======== DATA IN THIS EXERCISE
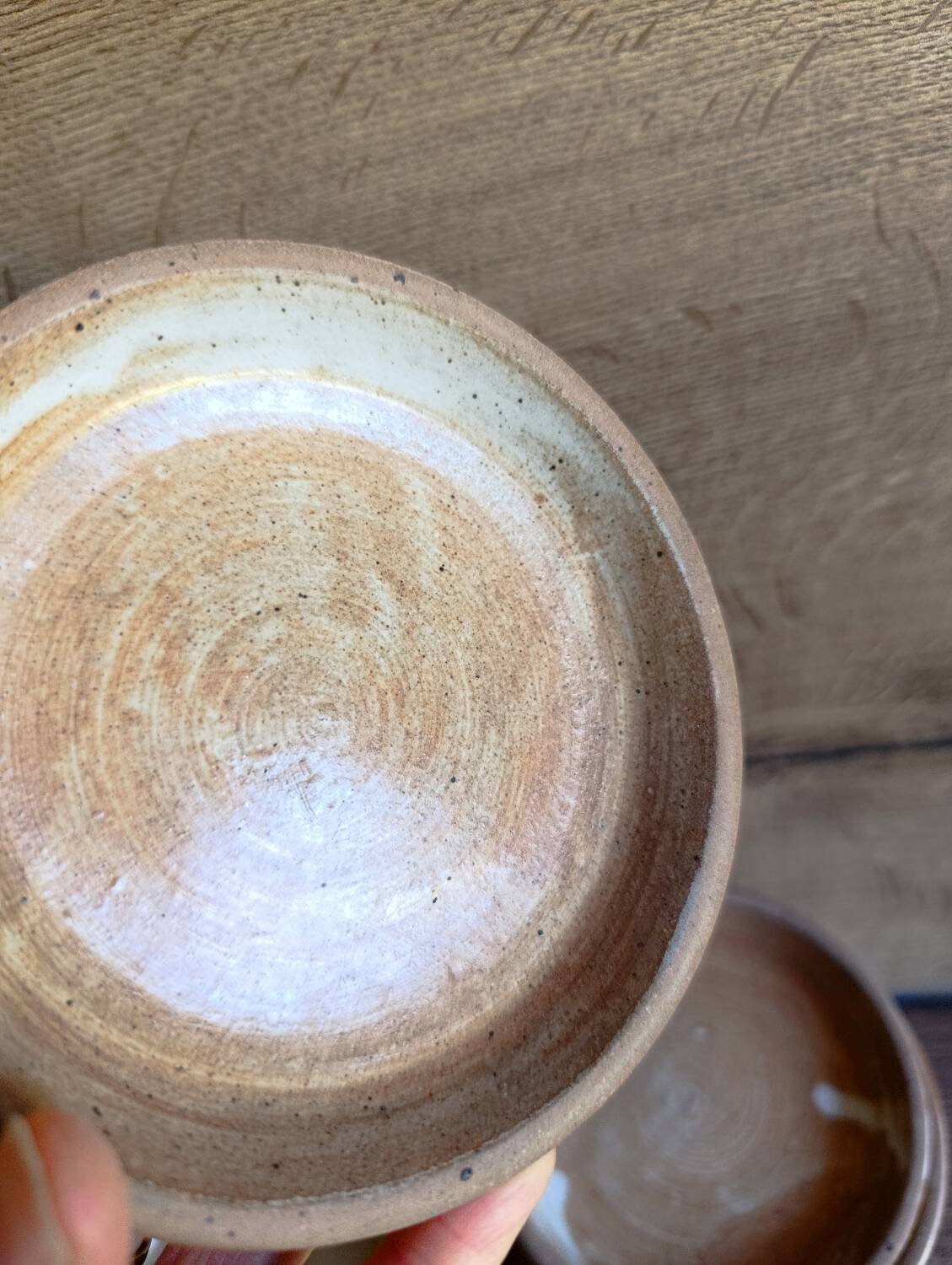 8 small dessert plates in raw and refined stoneware, vintage.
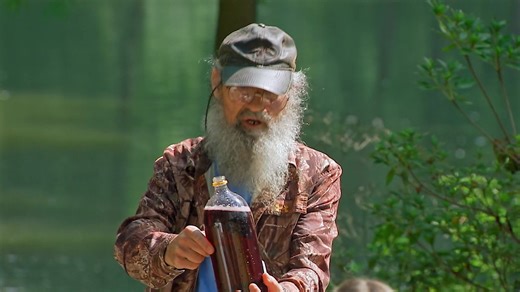 From expired soda to ping pong, the guys keep the fun rolling. #DuckDynasty | Duck Dynasty
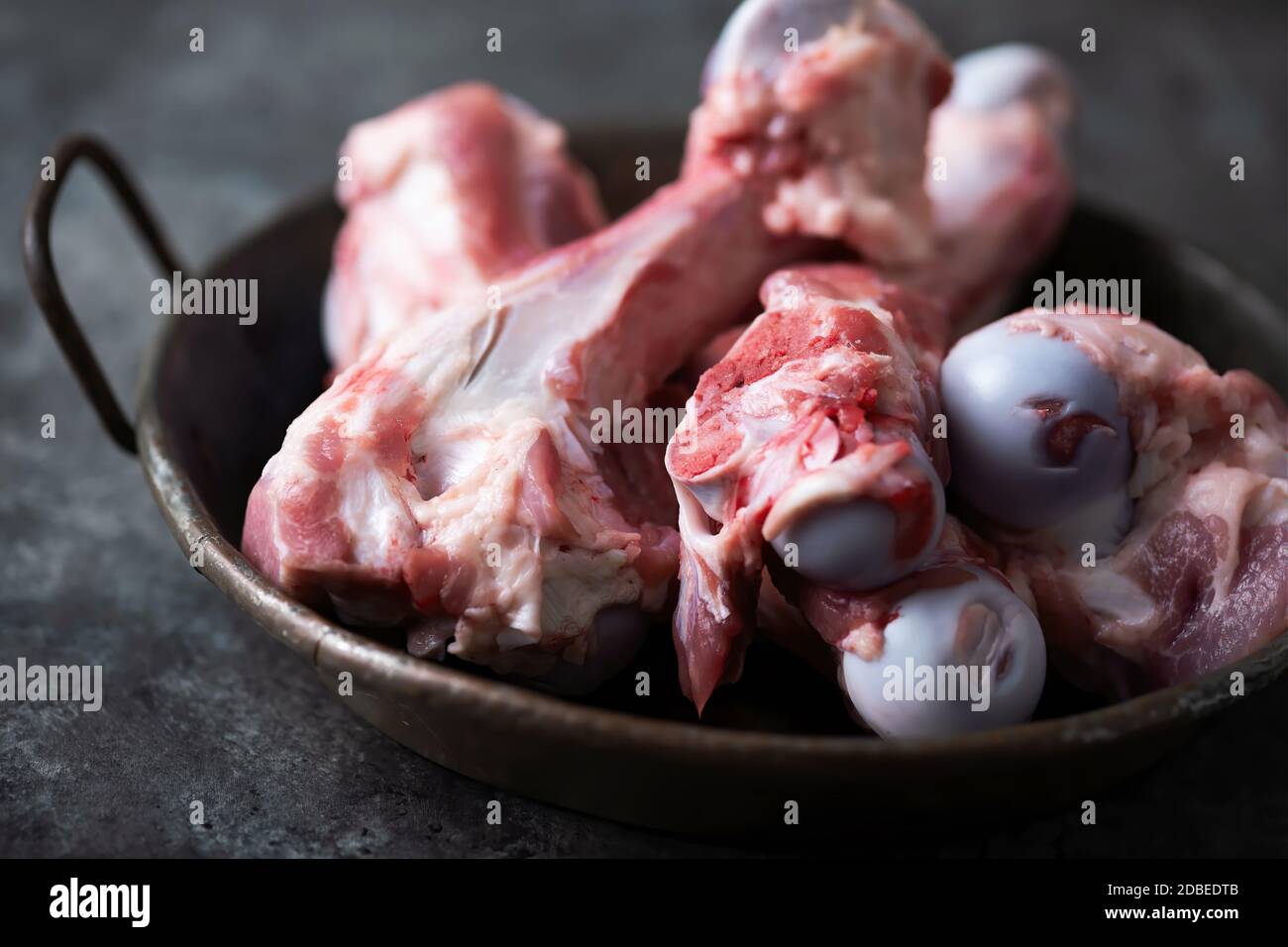 primo piano rustico osso di maiale aromatizzante ingrediente Foto Stock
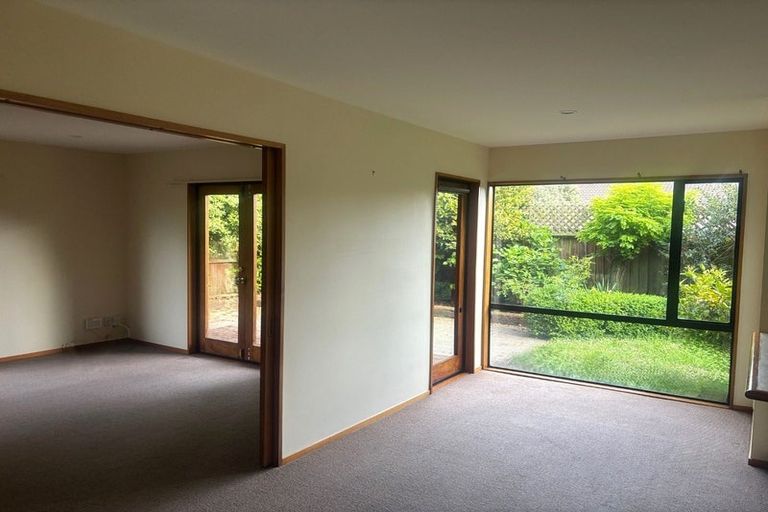 Photo of property in 9 Clyde Road, Upper Riccarton, Christchurch, 8041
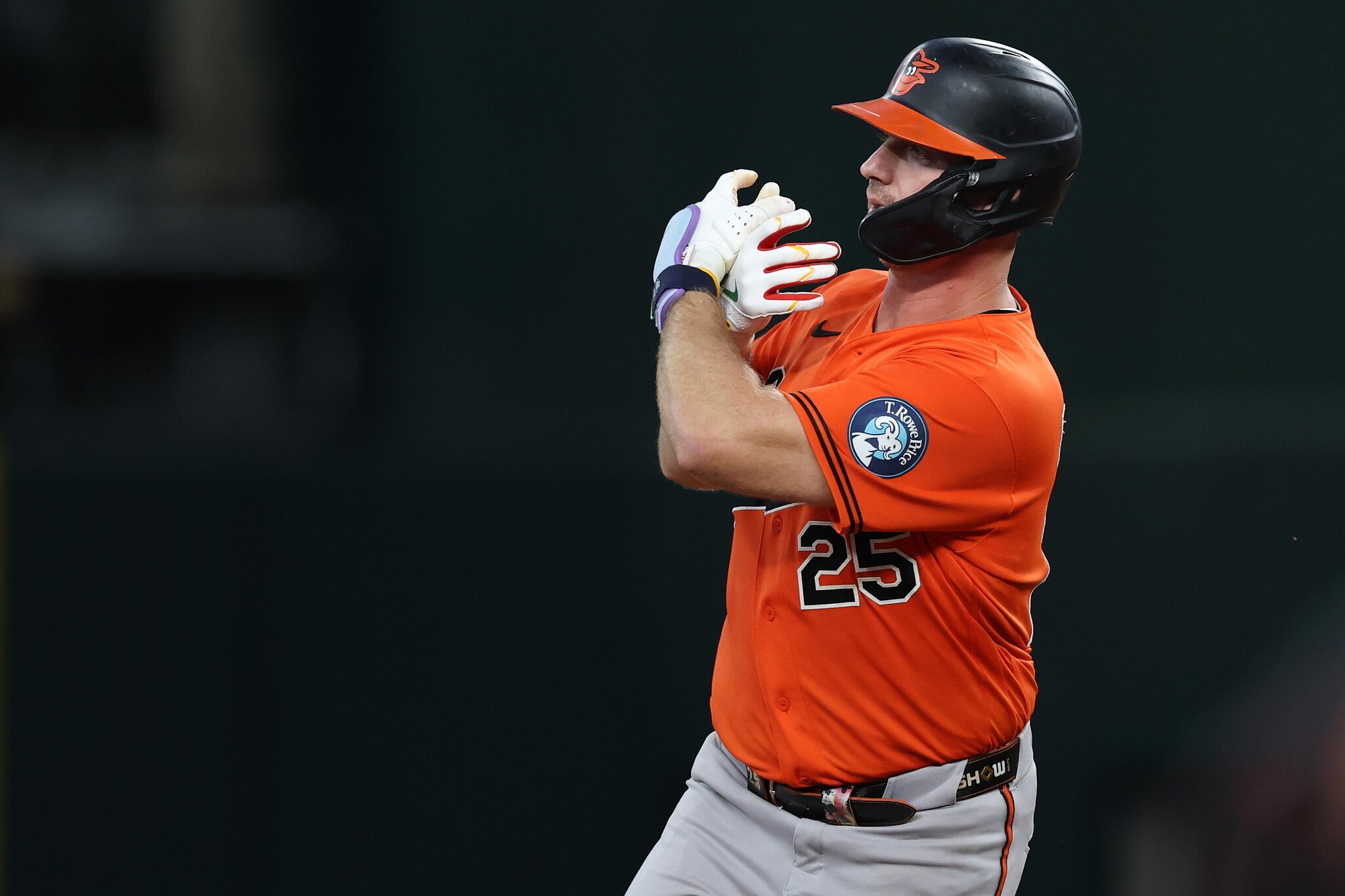 O’s blast off on Twins’ Ober, even the series, 5-2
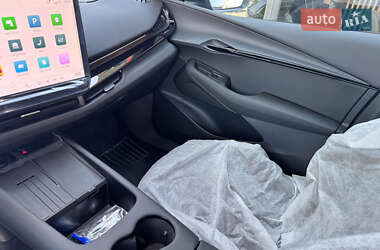 Внедорожник / Кроссовер Volkswagen ID. UNYX 2024 в 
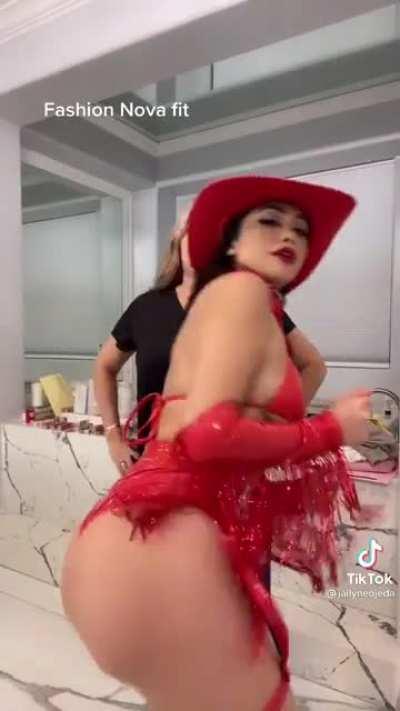 Walking 🚶🏽‍♂️ Away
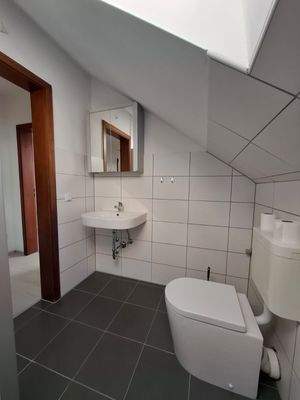 Badezimmer 2 (2).jpeg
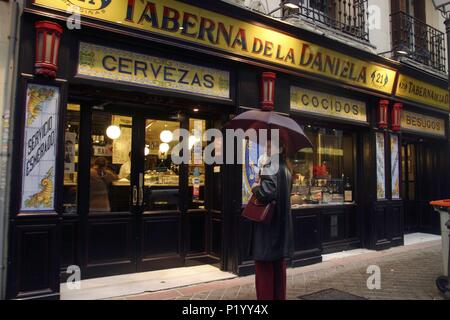 Bar 'Taberna de la Daniela' (barrio Serrano / Velázquez) ; de l'extérieur. Banque D'Images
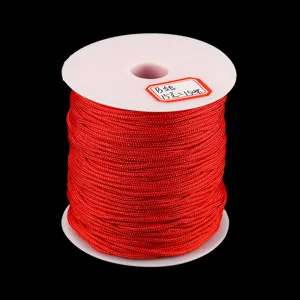 Cordon rouge pour tissage de bracelet collier DIY, vue détaillée de la bobine de 15m.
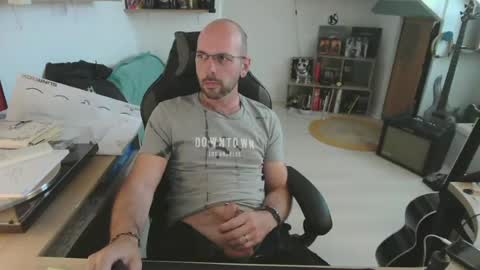 mikmik91 online show from 3, 7, 2026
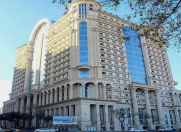 Satılır 3 otaqlı 133 m2 yeni tikili Elmlər Akademiyası m.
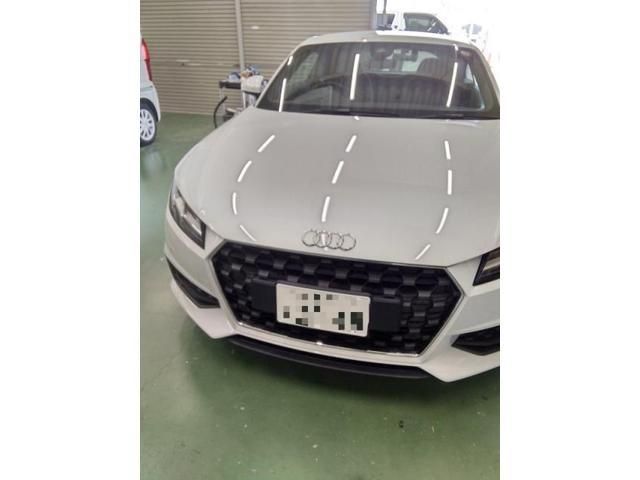 アウディ　ＴＴクーペ　右前タイヤ横（フェンダー）とサイドステップカバーキズ・へこみ直し　豊橋市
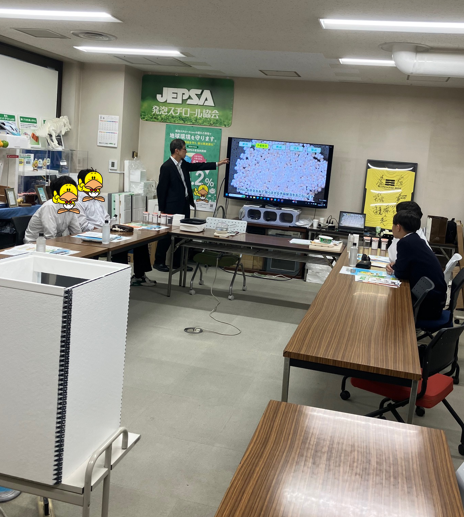 jepsa2010's tweet photo. ５月21日(木）は
滋賀県　守山市立守山北中学校
他２校の生徒さんに来ていただきました。
発泡スチロールの特長は、理解できたかな？
＃発泡スチロール協会
＃EPS
＃守山市立守山北中学校 https://t.co/lzbOMOcsm8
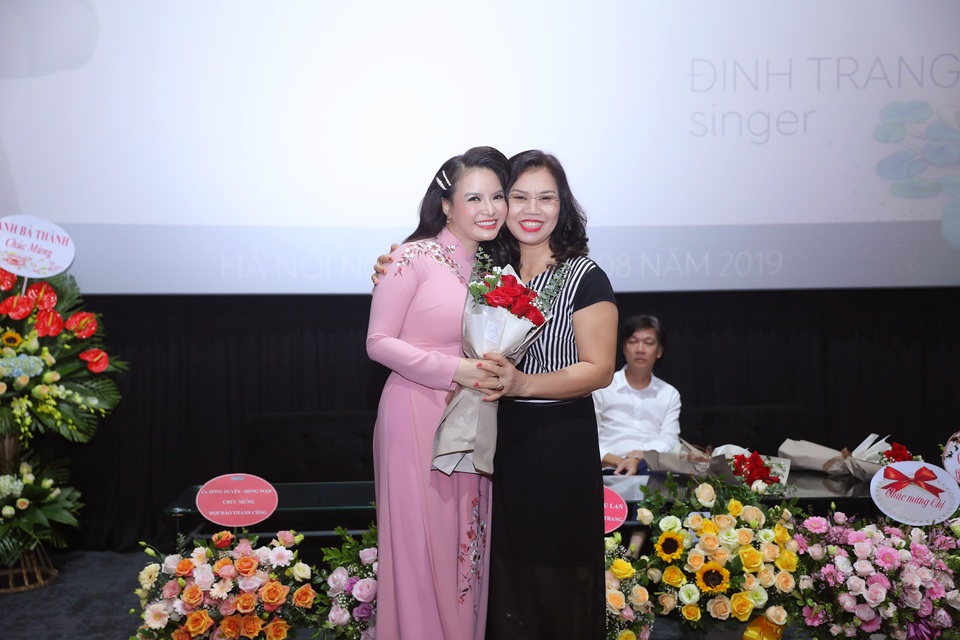 Chuyện về ca sĩ xứ Nghệ được nhà thơ Phạm Tiến Duật dắt đi “tầm sư học nhạc” - 1 Chuyện về ca sĩ xứ Nghệ được nhà thơ Phạm Tiến Duật dắt đi “tầm sư học nhạc” - 1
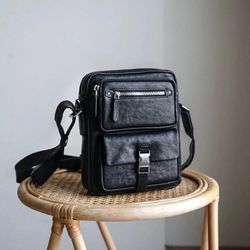 Genuine Leather Messenger Bag for Men Multi-Pocket Crossbody Shoulder Bag Black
================
### REQUIRED WORK
Your copy must match the records above exactly, apart from the pictures, which are excluded.

### RESPONSE AREA
 8 small dessert plates in raw and refined stoneware, vintage.
 From expired soda to ping pong, the guys keep the fun rolling. #DuckDynasty | Duck Dynasty
 primo piano rustico osso di maiale aromatizzante ingrediente Foto Stock
 Photo of property in 9 Clyde Road, Upper Riccarton, Christchurch, 8041
 O’s blast off on Twins’ Ober, even the series, 5-2
 Внедорожник / Кроссовер Volkswagen ID. UNYX 2024 в 
 Walking 🚶🏽‍♂️ Away
 Badezimmer 2 (2).jpeg
 Bar 'Taberna de la Daniela' (barrio Serrano / Velázquez) ; de l'extérieur. Banque D'Images
 Cordon rouge pour tissage de bracelet collier DIY, vue détaillée de la bobine de 15m.
 mikmik91 online show from 3, 7, 2026
 Satılır 3 otaqlı 133 m2 yeni tikili Elmlər Akademiyası m.
 アウディ　ＴＴクーペ　右前タイヤ横（フェンダー）とサイドステップカバーキズ・へこみ直し　豊橋市
 jepsa2010's tweet photo. ５月21日(木）は
滋賀県　守山市立守山北中学校
他２校の生徒さんに来ていただきました。
発泡スチロールの特長は、理解できたかな？
＃発泡スチロール協会
＃EPS
＃守山市立守山北中学校 https://t.co/lzbOMOcsm8
 Chuyện về ca sĩ xứ Nghệ được nhà thơ Phạm Tiến Duật dắt đi “tầm sư học nhạc” - 1 Chuyện về ca sĩ xứ Nghệ được nhà thơ Phạm Tiến Duật dắt đi “tầm sư học nhạc” - 1
 Genuine Leather Messenger Bag for Men Multi-Pocket Crossbody Shoulder Bag Black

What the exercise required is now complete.